WORK REQUEST: Would you return, word for word, the lines of the data below from the line with "24 Pcs Bunion" through the line with "Balcony Image of", and no others?

PROVIDED INFORMATION:

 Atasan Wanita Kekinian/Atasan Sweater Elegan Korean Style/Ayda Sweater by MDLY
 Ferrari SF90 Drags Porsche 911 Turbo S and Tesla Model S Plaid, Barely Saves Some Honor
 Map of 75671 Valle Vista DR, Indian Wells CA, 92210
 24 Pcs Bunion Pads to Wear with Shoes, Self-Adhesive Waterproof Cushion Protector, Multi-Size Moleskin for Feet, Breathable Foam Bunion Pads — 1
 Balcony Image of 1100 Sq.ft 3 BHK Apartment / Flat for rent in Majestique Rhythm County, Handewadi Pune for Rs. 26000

...

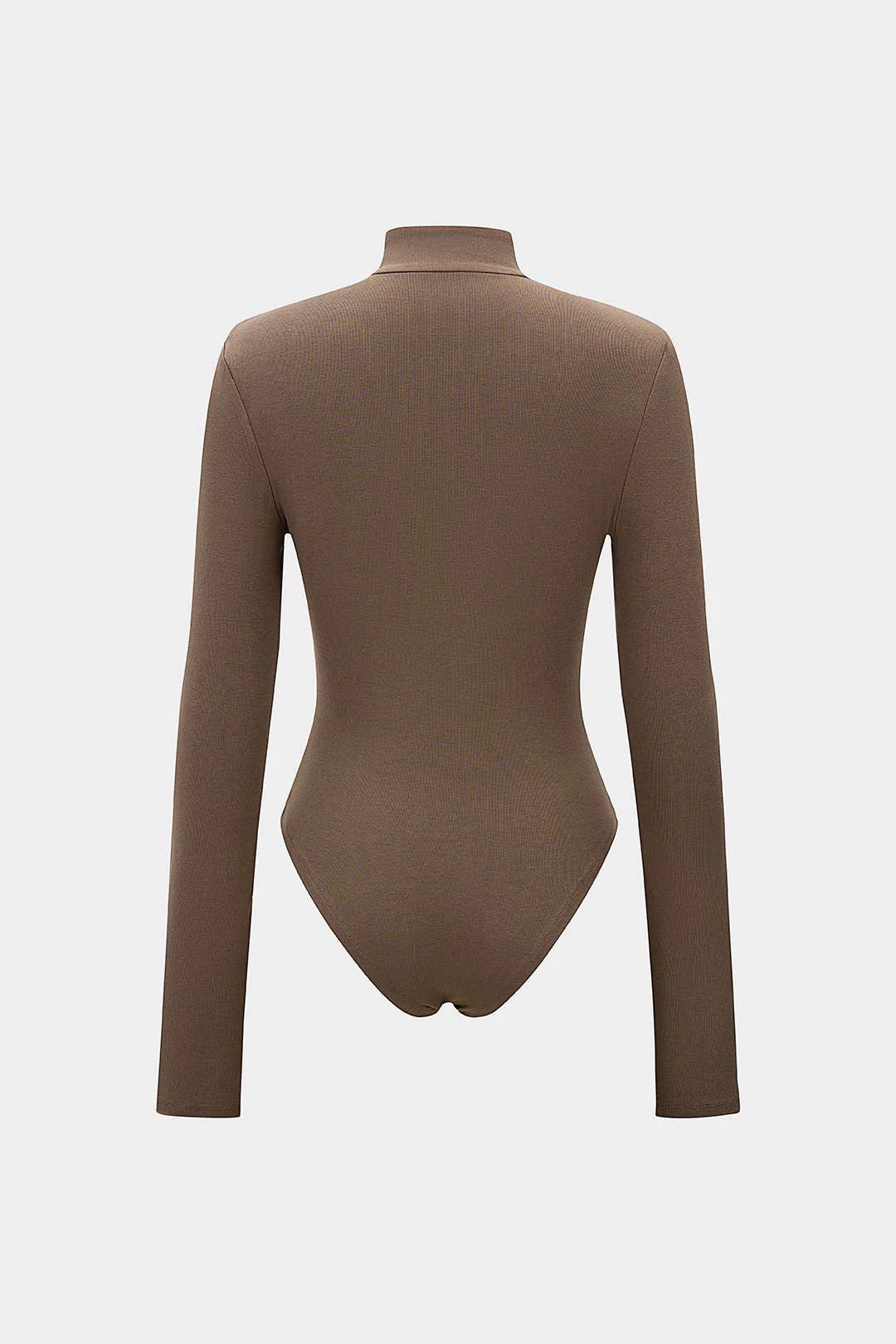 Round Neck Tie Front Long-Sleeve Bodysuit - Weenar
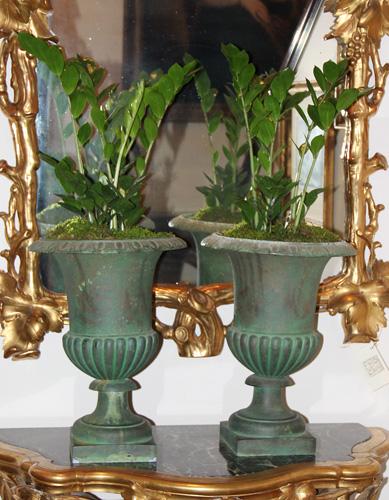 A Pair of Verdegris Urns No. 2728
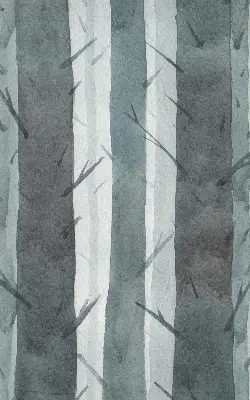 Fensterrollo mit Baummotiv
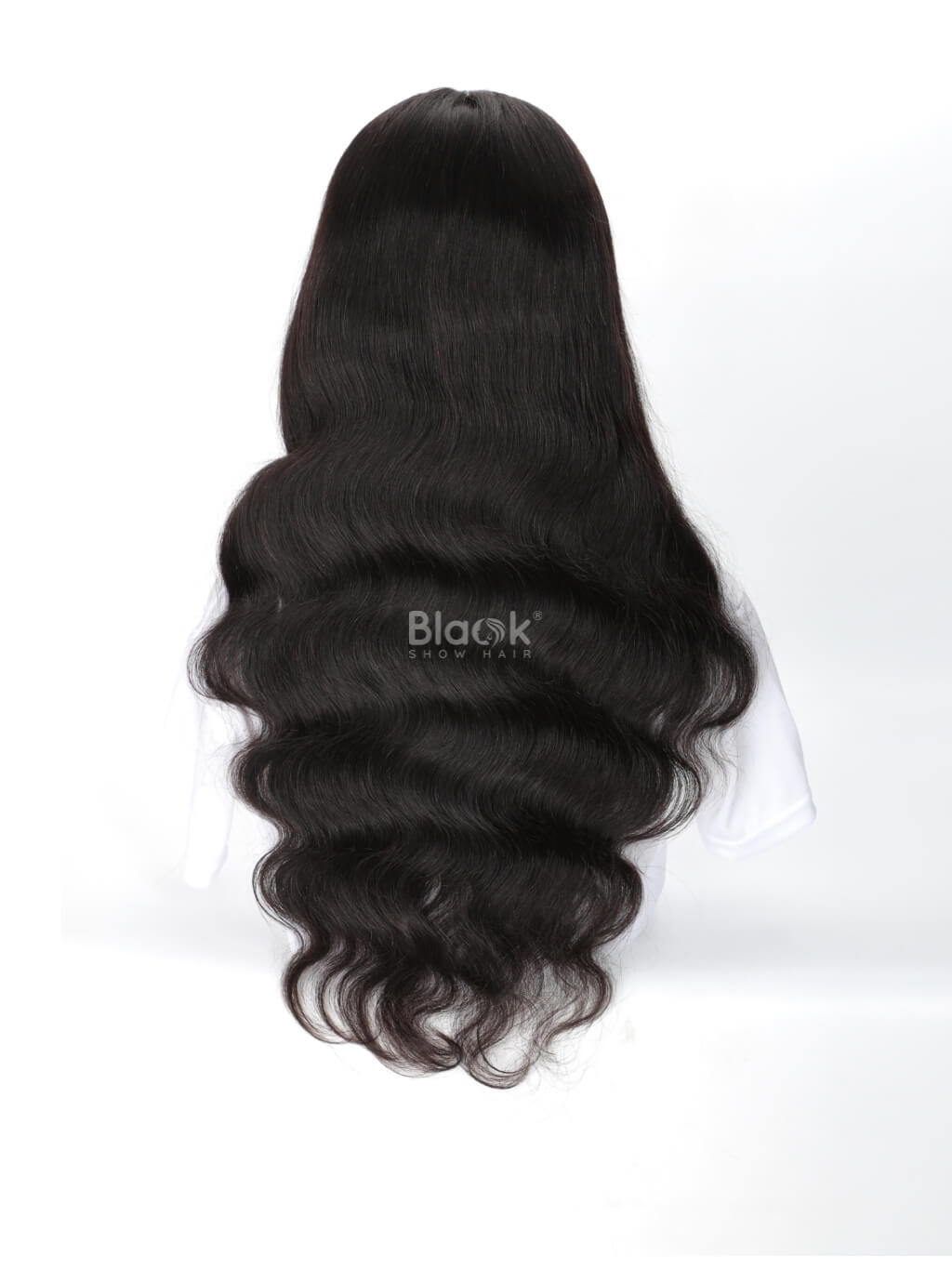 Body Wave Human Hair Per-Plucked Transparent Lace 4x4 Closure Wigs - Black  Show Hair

==

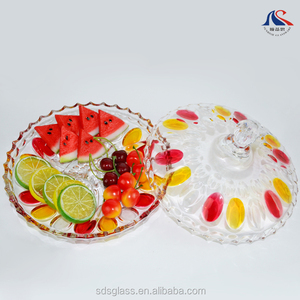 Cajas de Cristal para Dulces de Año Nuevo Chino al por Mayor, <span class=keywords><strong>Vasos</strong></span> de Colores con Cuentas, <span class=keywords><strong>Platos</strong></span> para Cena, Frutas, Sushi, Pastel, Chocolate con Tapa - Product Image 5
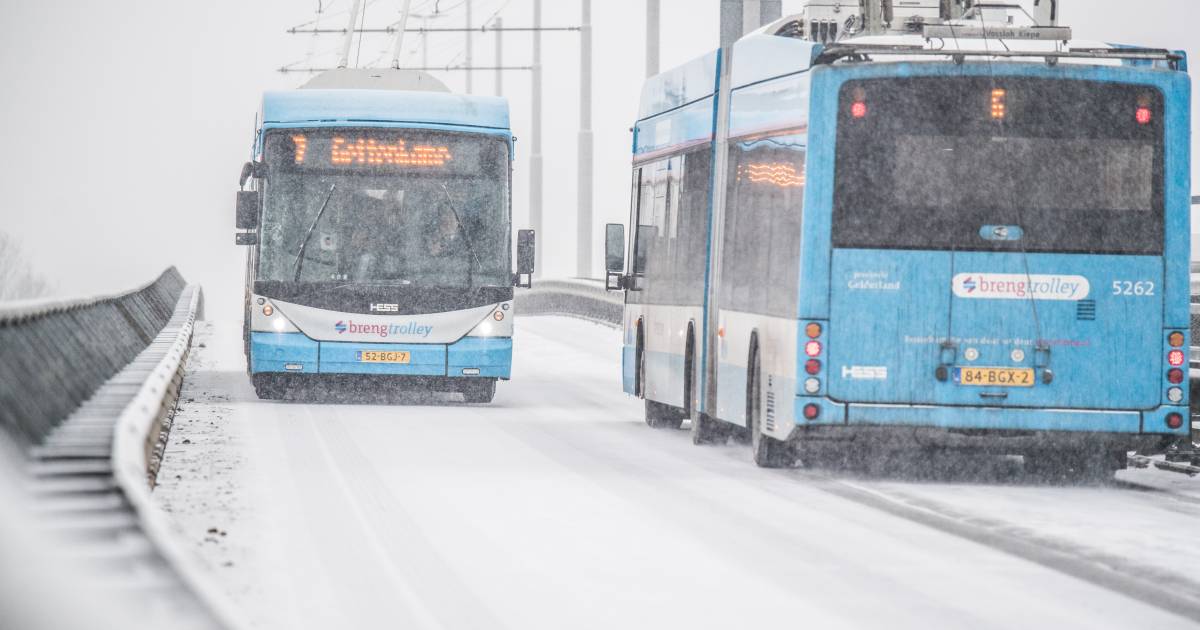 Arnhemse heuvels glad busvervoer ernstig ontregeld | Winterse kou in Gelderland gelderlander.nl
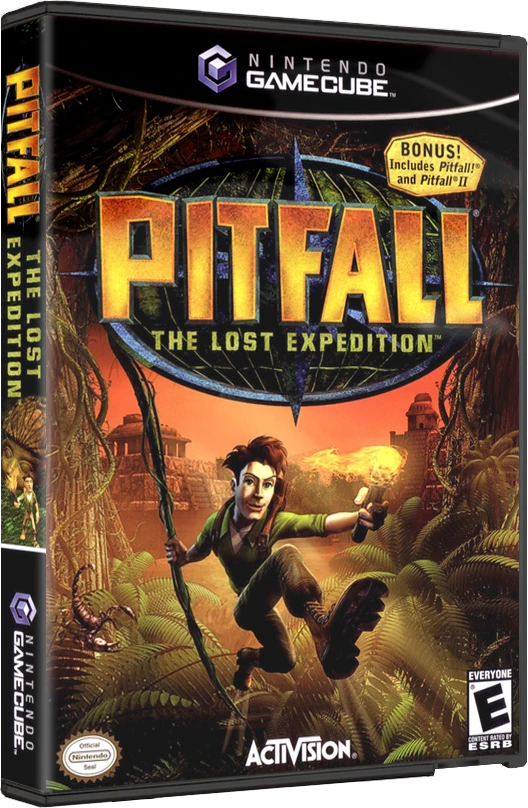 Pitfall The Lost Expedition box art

EXERCISE SOLUTION:
 24 Pcs Bunion Pads to Wear with Shoes, Self-Adhesive Waterproof Cushion Protector, Multi-Size Moleskin for Feet, Breathable Foam Bunion Pads — 1
 Balcony Image of 1100 Sq.ft 3 BHK Apartment / Flat for rent in Majestique Rhythm County, Handewadi Pune for Rs. 26000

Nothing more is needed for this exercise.